Monday 22 October 2012

Charles Villiers Stanford: Festival Overture in B flat

I recall a well-known conductor once telling me that one of the hardest things to do is to write about music that one has never heard: and with this I totally agree, having tried it a number of times. However, what can be interesting is to read tantalising accounts of music that has disappeared from the repertoire – and because the score/manuscript has been lost, will never be heard.  The main justification for this is twofold – firstly it allows the listener to gain more contextual knowledge about the composer in question and secondly it may spur someone to look for and maybe even discover the ‘lost’ work. Who knows?

Charles Villiers Stanford’s Festival Overture was composed around 1870 [1] and was given its first performance in the Shire Hall at the Gloucester Three Choirs Festival on 6 September 1877, conducted by Charles Hartford Lloyd.  It was subsequently performed at the Crystal Palace on 17 November of that year, conducted by August Manns.  The manuscript has been lost.  The reviewer in the Musical Standard wrote:-
“The performance of the seventh Saturday concert contained, as usual, some works which had not been previously heard at Sydenham, the novelties being C[harles] Villiers Stanford’s Festival Overture (written for the Gloucester Festival lately held [1]), the scene of Isolde’s death from Wagner’s Tristan und Isolde, and the ballet music from Mose in Egitto ... [2]
Mr Stanford’s overture is rather disappointing to those who watch the career of this rising young English composer, not much on account of any lack of constructive skill, but simply because inventive power appears, to a great extent, to be wanting.  Mr.

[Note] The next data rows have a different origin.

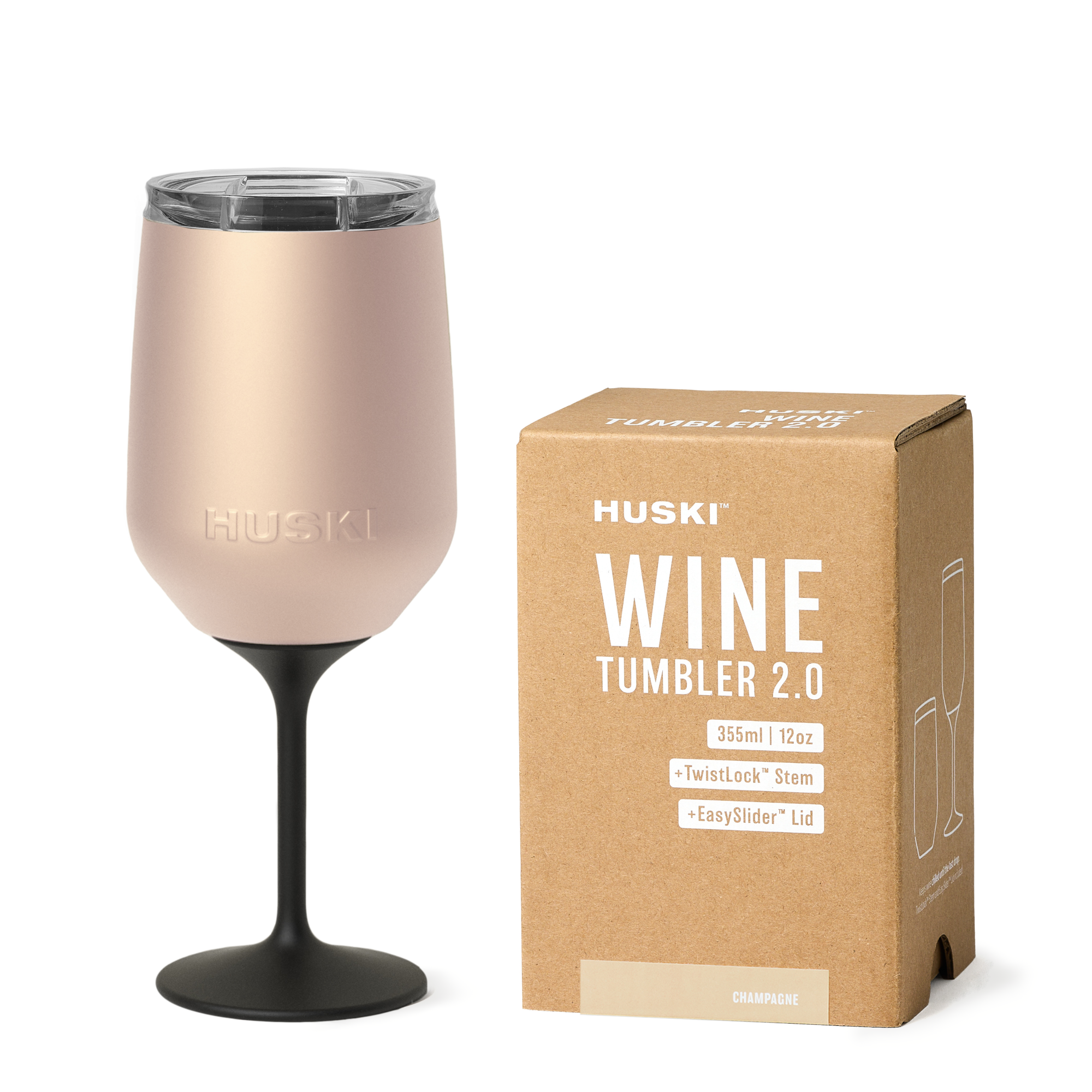 Huski Wine Tumbler 2.0 - Champagne - Roma Gift & Gourmet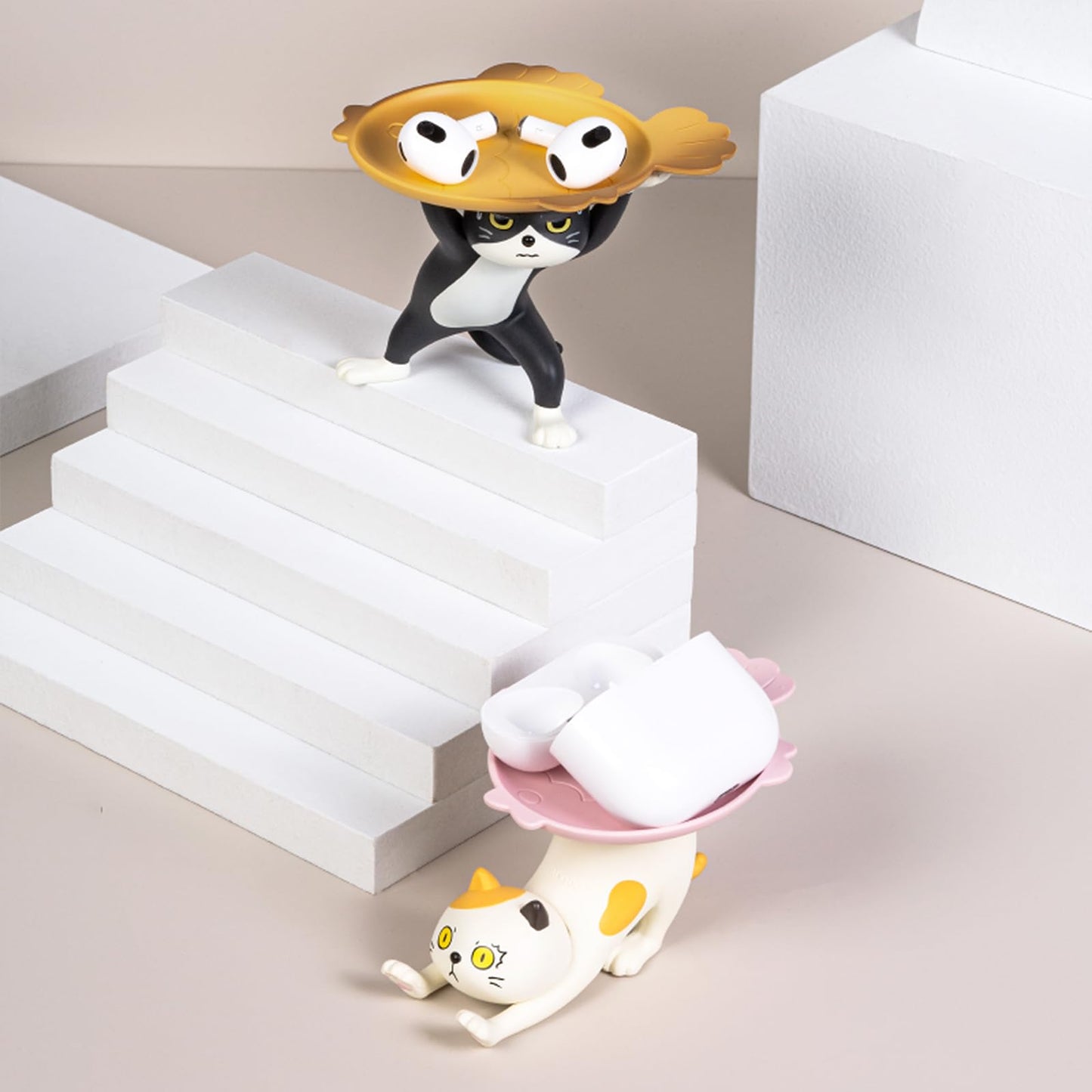 BEEMAI Cat Stands Series 1PC Blind Box – Collectible Cute Figures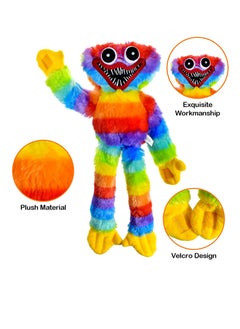MAGIC VAULT Huggy Wuggy Plush Huggy Wuggy Toy 40cm Rainbow Plushie Toy Smile Stuffed Dolls Gifts Birthday Present for Boys Girls Kids Adult Fans  - Image 3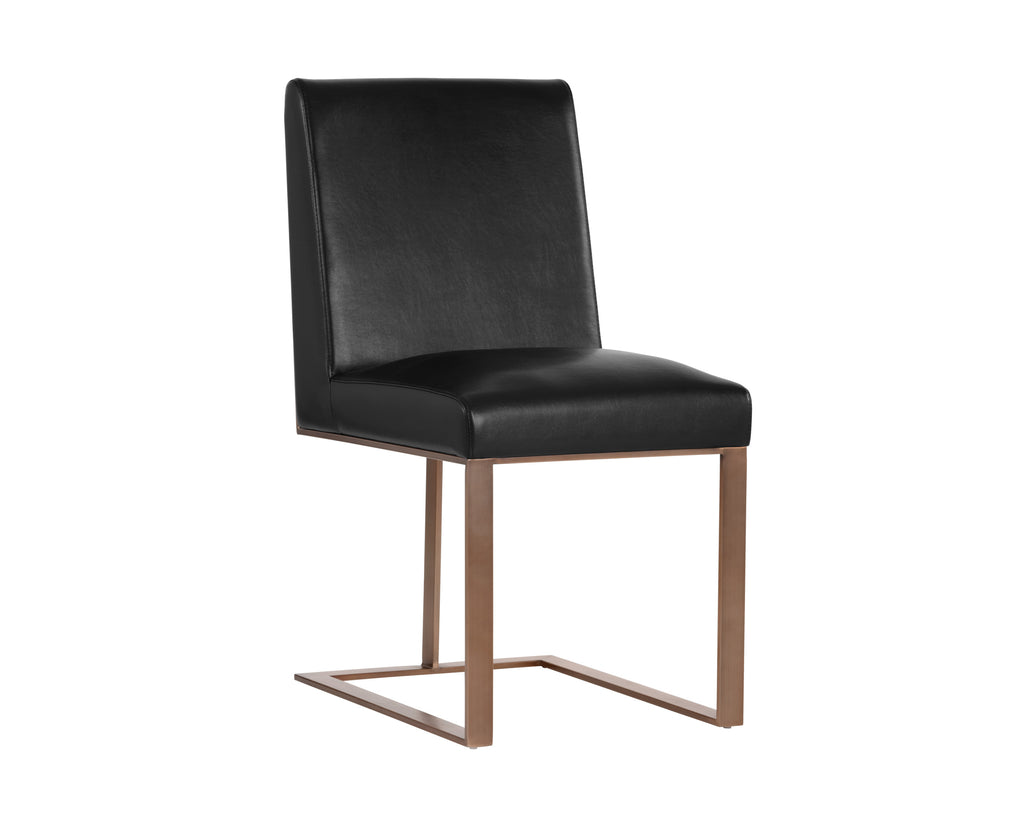 Dean Dining Chair - Antique Brass - Cantina Black | Sunpan Furniture - 103775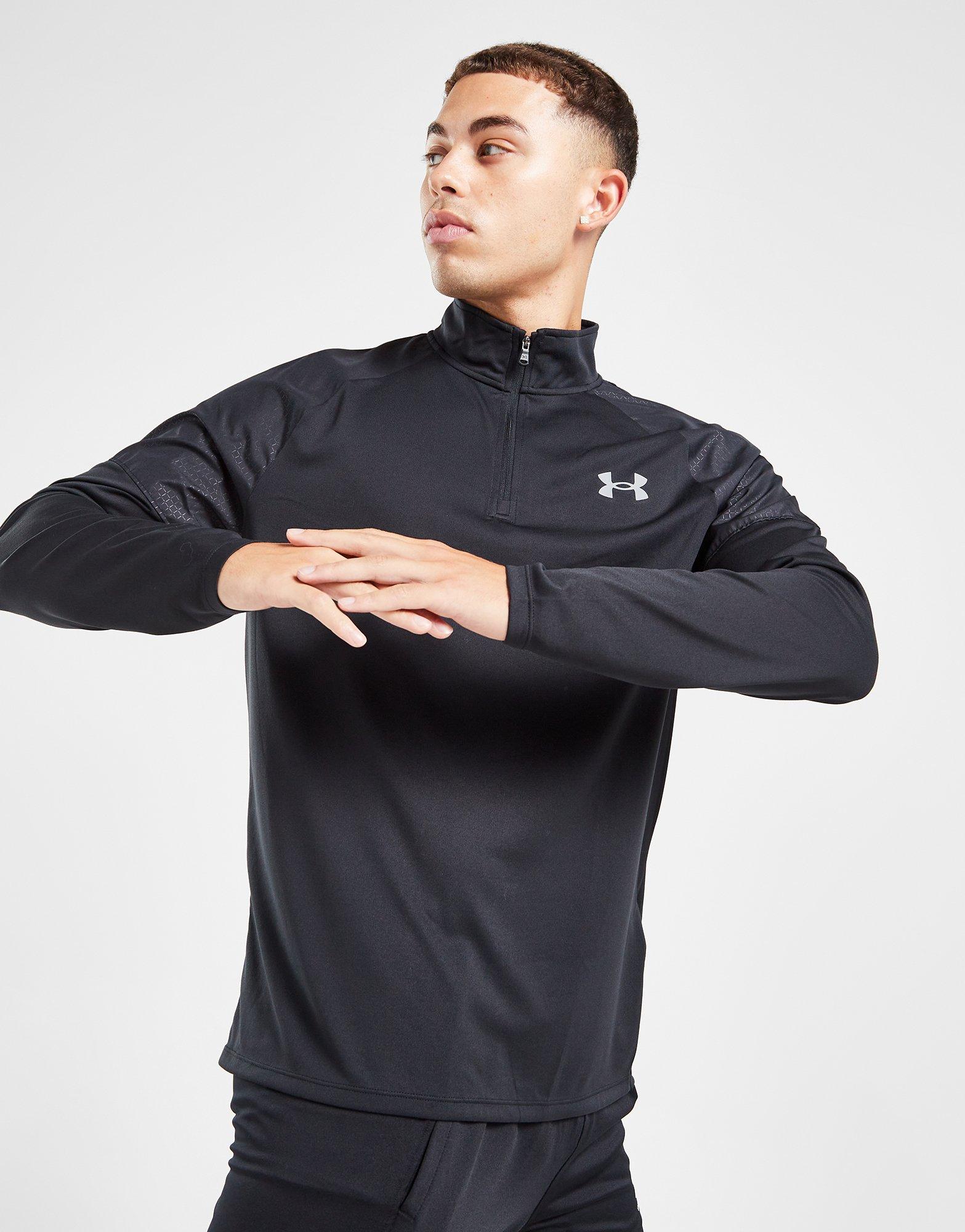 Black Under Armour Tech Grid 1/4 Zip Top - JD Sports Global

Stanford masters the technicalities of his task with ease, and his method of scoring proves him to be quite at home in all matters appertaining to the treatment of the orchestra. But the themes of his overture do not display much originality, nor are they attractive in themselves, which leaves all the commendation we can bestow upon the production for the ingenuity it undoubtedly reveals. The tone of the compositions hardly appears to warrant the fact of its being written for a festal occasion; but this, after all, is a mere matter of opinion.”
CRYSTAL PALACE CONCERTS  Standard 26 Nov. 1877

Jeremy Dibble gives some interesting information about this work in his book Charles Villiers Stanford: Man and Musician. He notes that Hubert Parry had gone to Gloucester especially to hear this work.  In his diary he [equivocally] wrote ‘’It is better than the ordinary run of such things well enough scored; with plentiful use of brass- and figures of little significance much used, rather made up I think altogether.’ CHHP Diary 6 September 1877.

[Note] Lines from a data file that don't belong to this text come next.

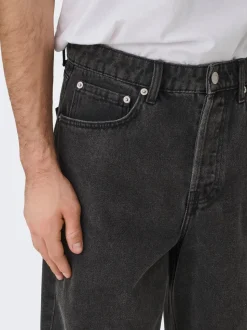ONSREMI Medelhög midja Barrel-passform Jeans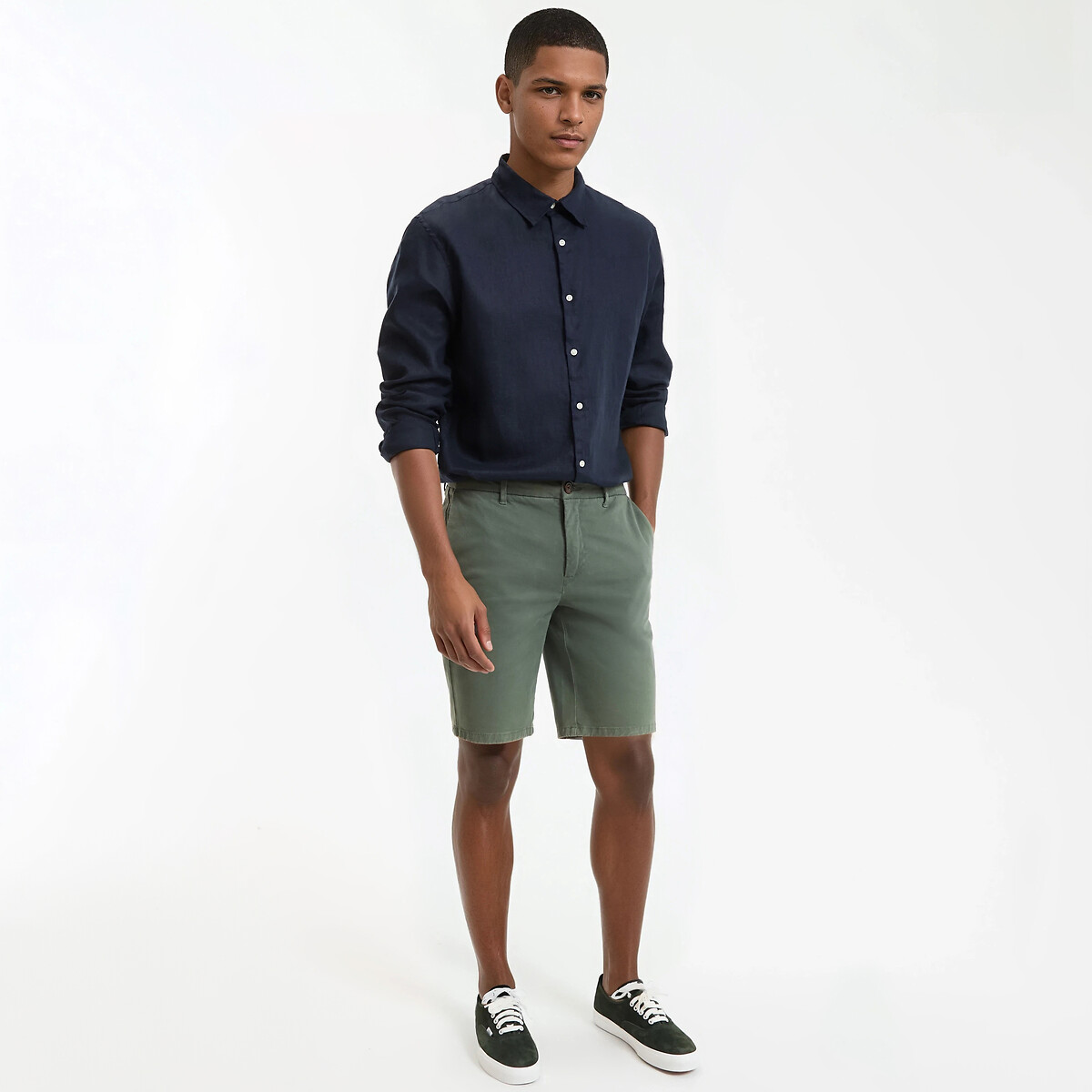 Bermuda chino Signature, JONAS verde kaki, LA REDOUTE COLLECTIONS
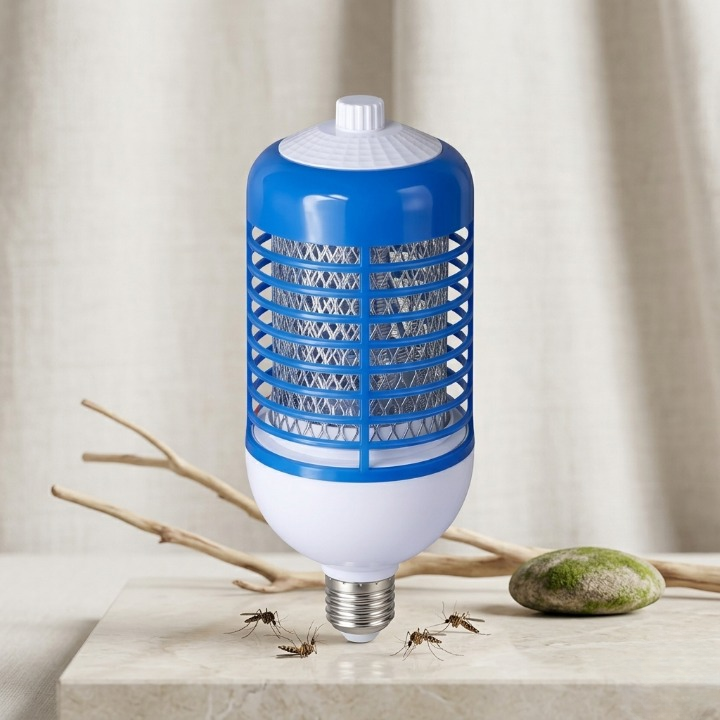 1200 Watt Millat LED Anti-Mosquito Insect Killer (Large 10-Inch) High-Voltage Electronic Bug Zapper Lamp - Image 2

Dibble also observes that the analytical notes written by George Grove suggested that ‘the spirit, rhythm, and power over the Orchestra which characterise this interesting work, augur well for Mr. Stanford’s artistic future, and encourage us to look for more orchestral works from his pen’.
Certainly this last wish was granted, and we are fortunate in having the vast majority of Stanford’s orchestral compositions available on CD or MP3.

NOTES
[1] Jeremy Dibble suggests that this work was composed c. 1870 whereas Paul Rodmell concludes that it was in 1876.
[2 Mose in Egitto (Moses in Egypt) is a three-act opera written by Gioachino Rossini to an Italian libretto by Andrea Leone Tottola, which was based on a play by Francesco Ringhieri, L'Osiride, of 1760. It premiered on 5 March 1818 at the recently reconstructed Teatro San Carlo in Naples, Italy. [Wikipedia]
[3] Other major works at this concert included Robert Schumann, Symphony No.3 in E flat ‘Rhenish’ and Beethoven’s Piano Concerto in C minor No.3.